Saul tells his advisors, including his son Jonathan, to kill David. Jonathan succeeds in talking some sense into his father, and Saul relents. David is once more welcome at court. But even so, Saul’s heart has not fundamentally changed. There is another battle with the Philistines, and David, relying on God and the talents God gave him, wins another great victory. This arouses Saul’s jealousy again, and again, overwhelmed by an evil spirit, he tries to kill David himself.

Fool me once, shame on you, fool me twice, shame on me, as the saying goes. This time David gets the message. So does his wife, Saul’s daughter Michal. She urges him to run away that very night. You can imagine the tearful passionate goodbyes, and the cool night air as David climbs out the window, and she pulls in the rope that he used. She makes up an image of David, complete with a hairy head, to fool his pursuers, and puts it in their bed.

In the morning Saul’s men come for David, and Michal reports that he is sick, buying more precious time for David to get away. Then men go back to Saul, then return with orders to bring David on his sick bed for Saul to kill him. The deception is discovered, but Michal blames David, saying that he threatened her.

David flees to Samuel, where the Lord protects him from Saul’s men, and even Saul himself. Confused and grieved, David secretly returns and seeks out Jonathan, who agrees to help him. They set up a test to find out if Saul was serious about killing David, and a secret rendezvous point, and even a code.

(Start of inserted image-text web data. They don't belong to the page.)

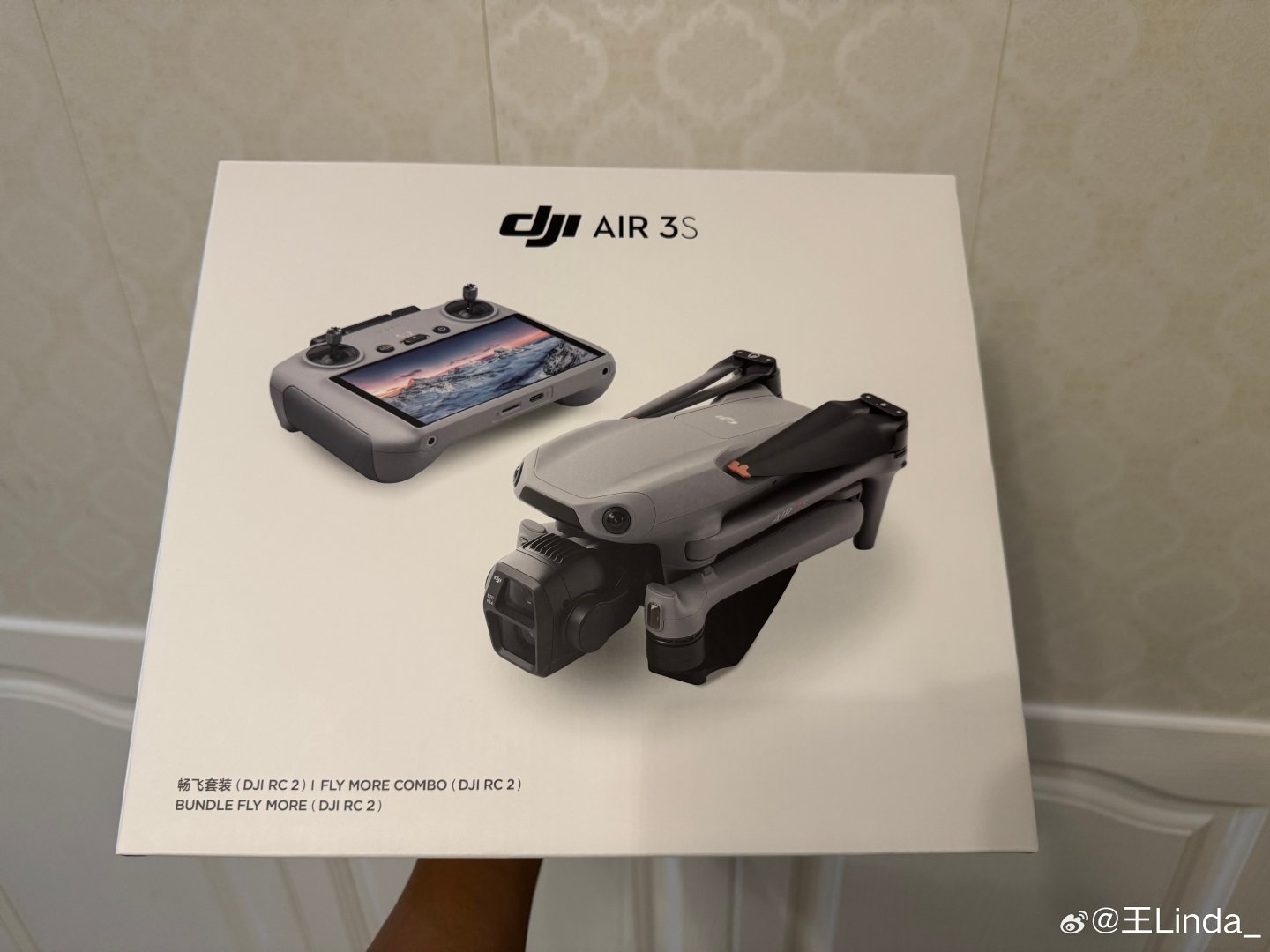 第一台无人机！！！期待在校园运动会上拿它出片！！！#大疆#​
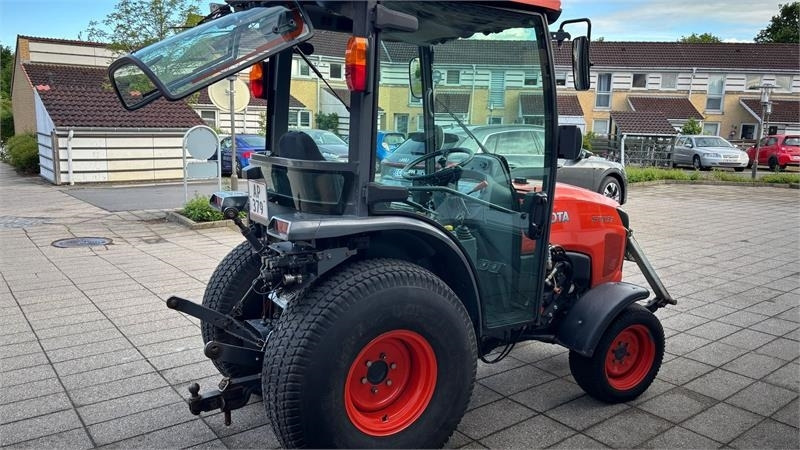Kubota STW37 Kompakttraktor - Tractor municipal: foto 1 Kubota STW37 Kompakttraktor - Tractor municipal: foto 1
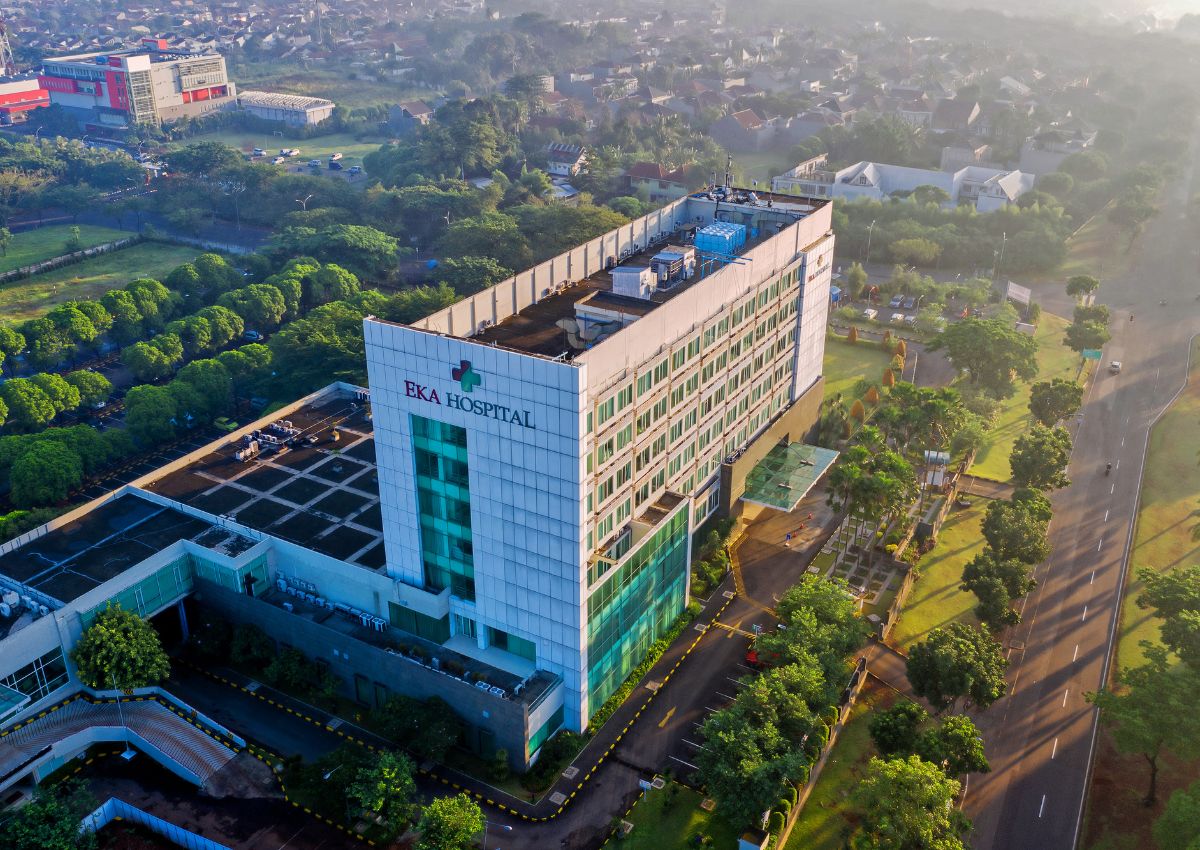 Co-nen-mua-nha-gan-benh-vien-3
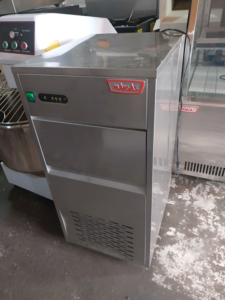 Fabricadora-de-Hielo-50-kgdia-Maigas-4
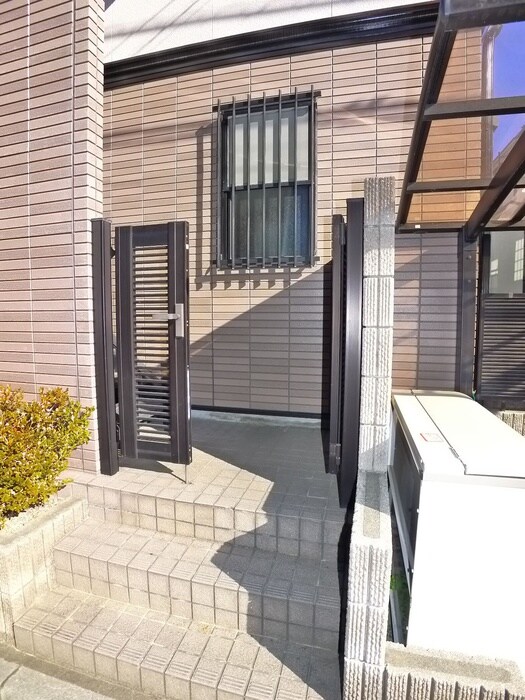 物件外観写真5　(エントランス部分)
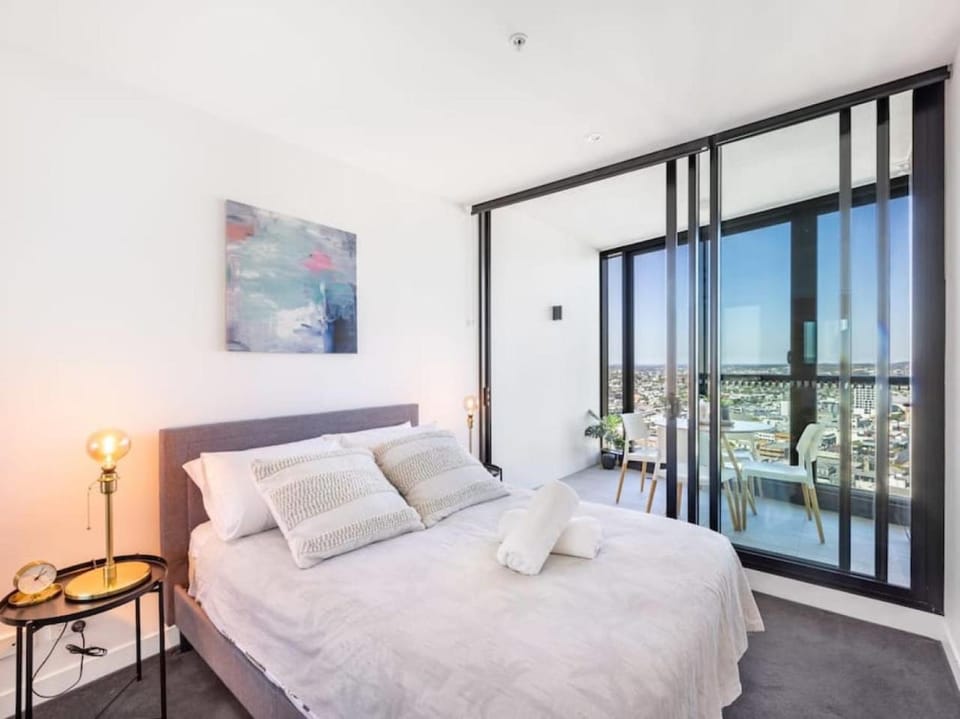 Story Bridge and City View Skyhigh Luxe 2 bed Unit Apartment in Brisbane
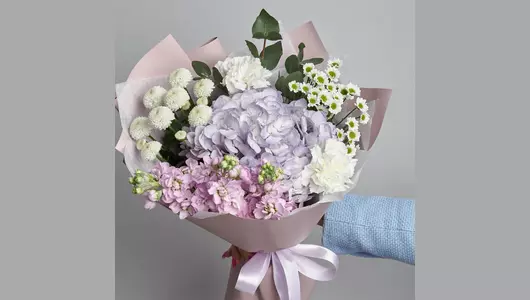 Гортензия и&nbsp;маттиола в&nbsp;букете «Анастасия» FMART by flowwow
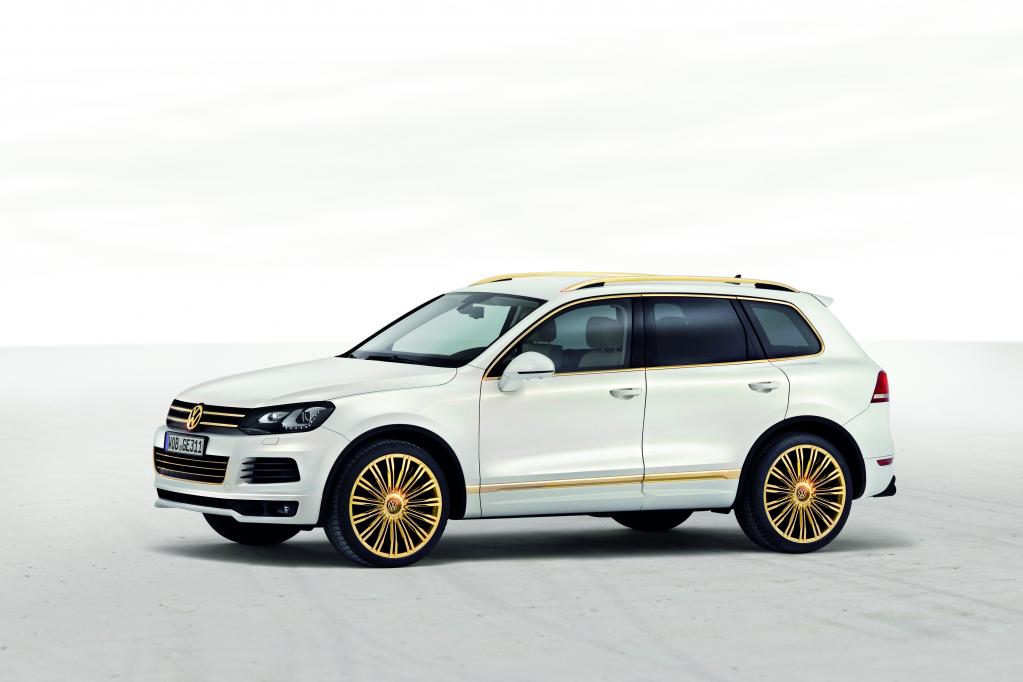 Volkswagen zeigt in Qatar zwei exklusive Touareg-Showcars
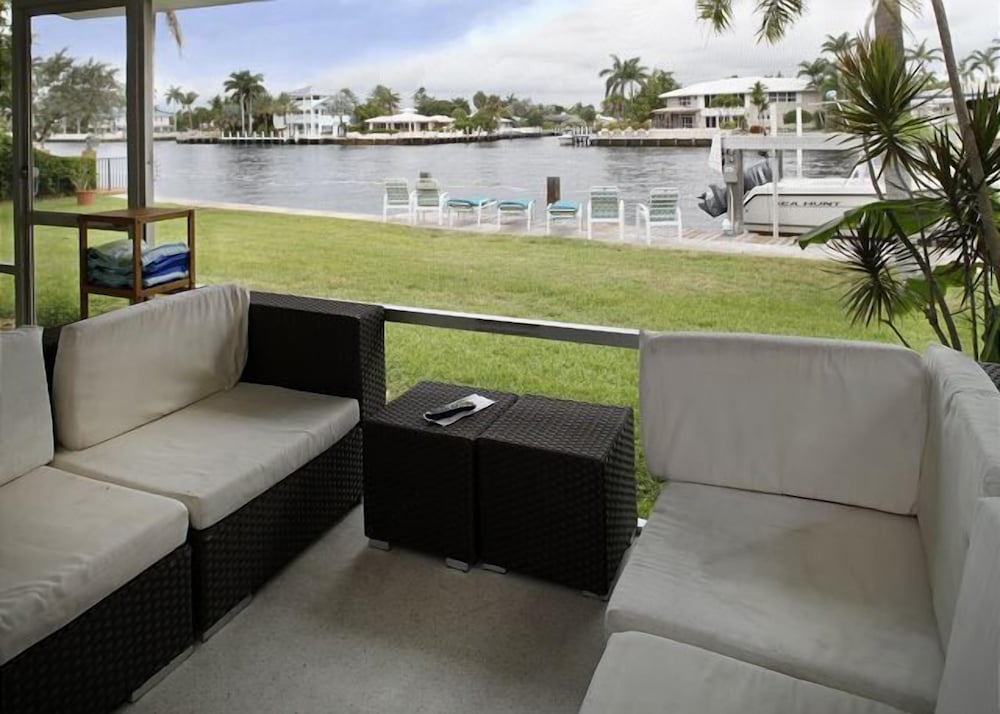 Фото Salty Bungalows Rosie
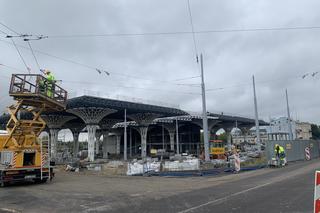 Dworzec Metropolitalny gotowy w 60 procentach. Niektóre drogi dojazdowe są już gotowe [GALERIA]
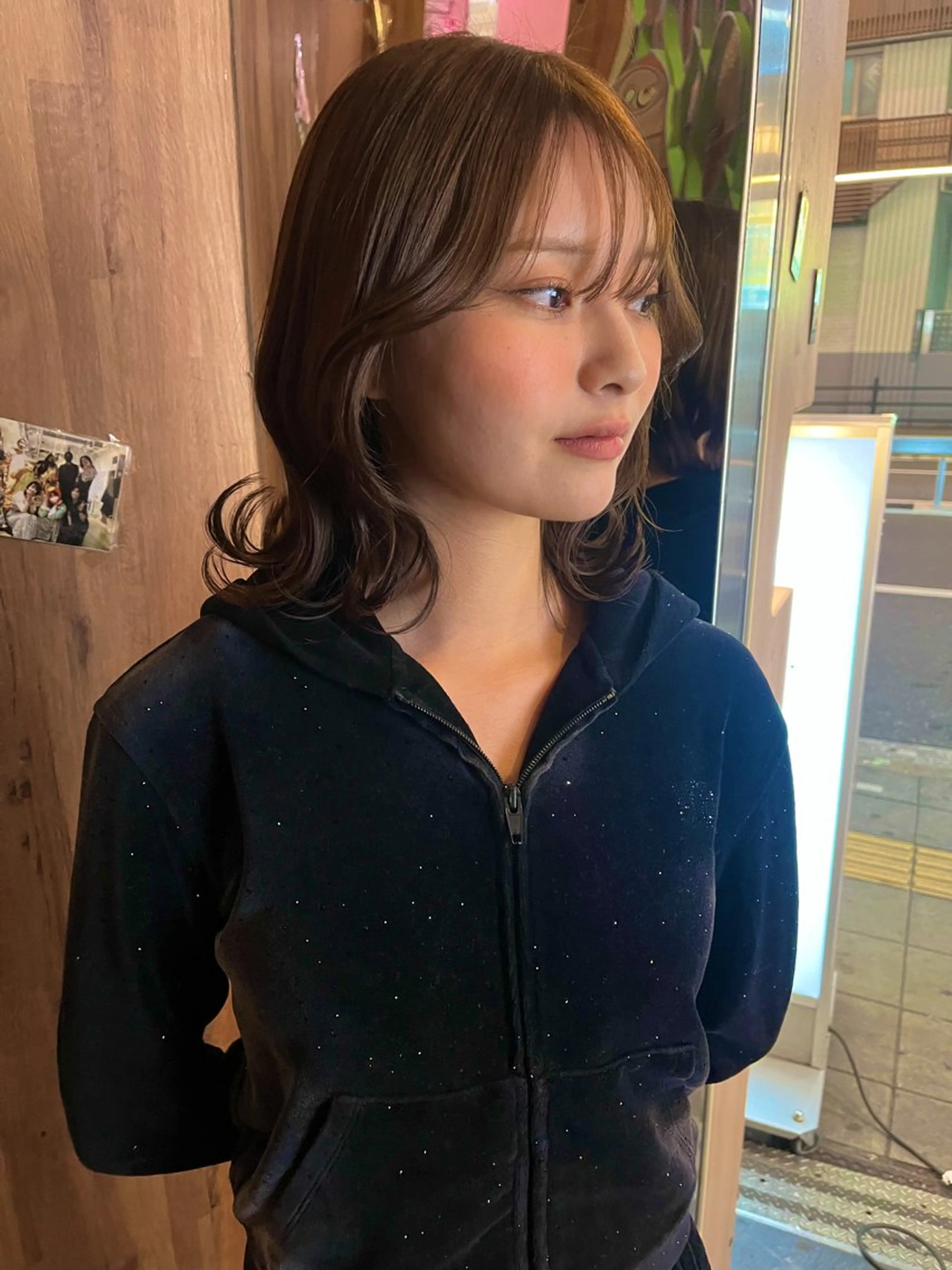 ミディアム 【ブロンド】【ベージ ュ系】TAKUMAのヘアスタイル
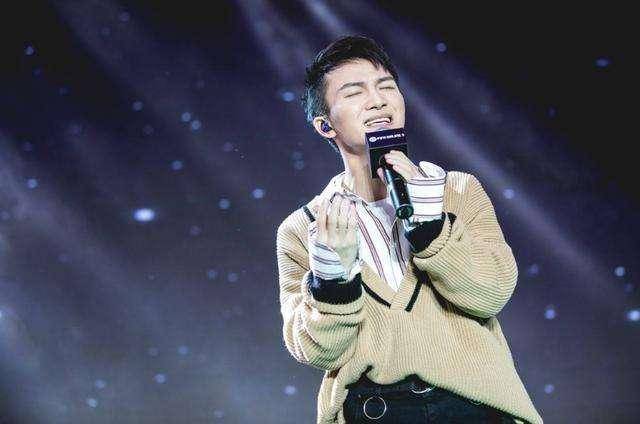 GAI还是戴上墨镜唱歌吧(GAI的独特魅力，墨镜下的歌声传奇)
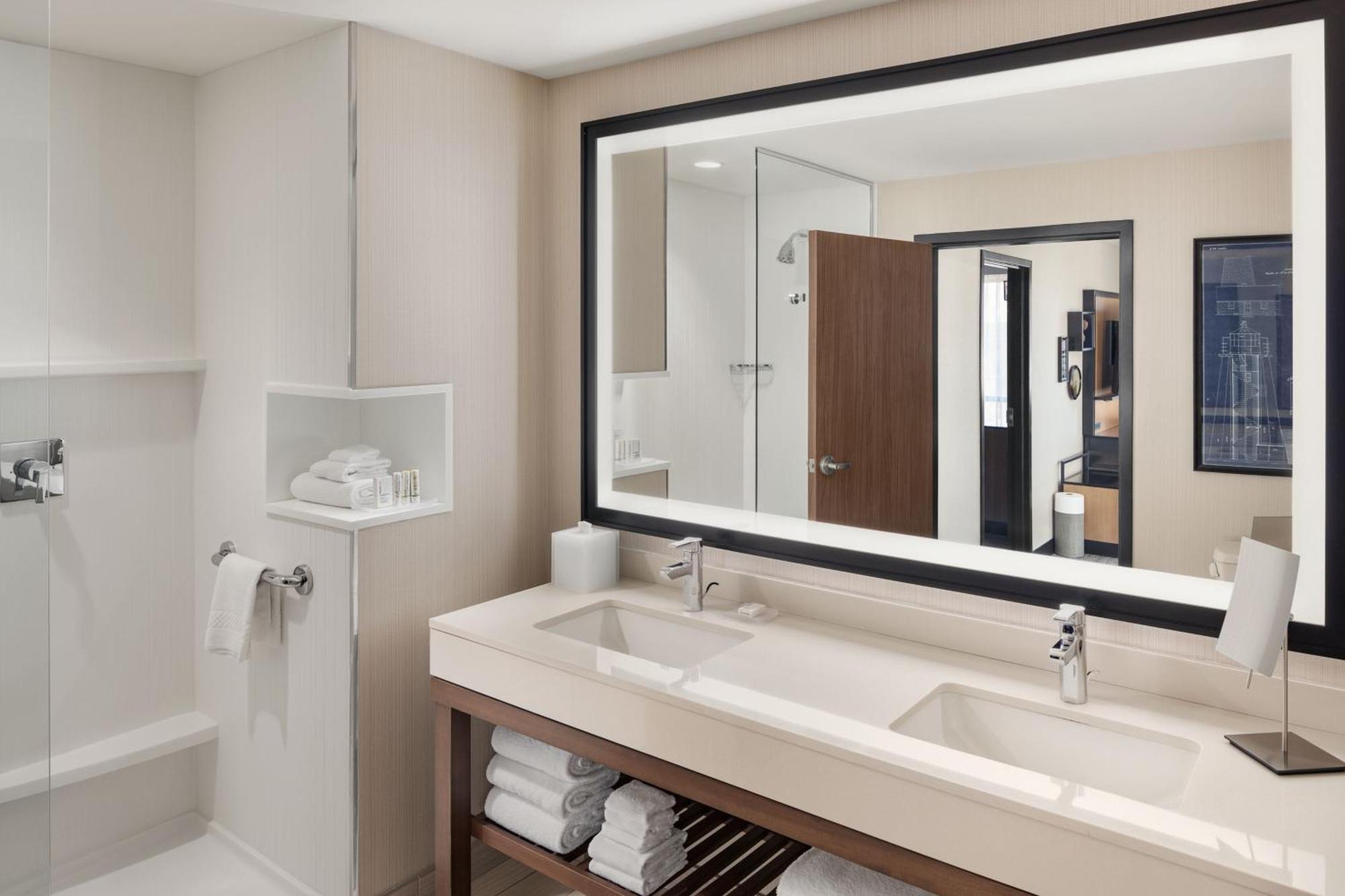 فندق Courtyard By Marriott Portland Downtown/Waterfront المظهر الخارجي الصورة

Their test proves that Saul is serious about killing David. Jonathan sadly makes his way to the rendezvous. He shoots arrows, and then calls out to his helper to look further on for the arrows. This is the signal for David to flee for his life. After sending his young helper back to the town with his weapons, Jonathan and David meet for the last time. They re-affirm their friendship, and then David departs, never to see his best friend alive again.

As I considered this section of scripture for this message, I was looking for some hidden gem of a verse, or some principles to apply to our lives. But what really captured me was the story. It is a true story of adventure, romance, danger, intrigue, battle and conspiracy. There are many novels that do not have plots this exciting. And what I want to suggest to you today, is that the story IS the message.

The events of David’s life call to us. There is a mission for the hero to be part of something greater than himself – to be God’s chosen instrument. There is love and romance in the midst of the adventure. There are friends like brothers. There is a deadly enemy who seeks the life the hero. There are setbacks, plot twists, codes and conspiracies. And yet, through exciting twists and turns, with the help of his love and his friends, the hero escapes and lives to fight another day. I don’t know about you, but in my unguarded moments, I realize that I want some of this in my own life. I want adventure, romance, joy. I want a mission in something that matters, something that is greater than myself.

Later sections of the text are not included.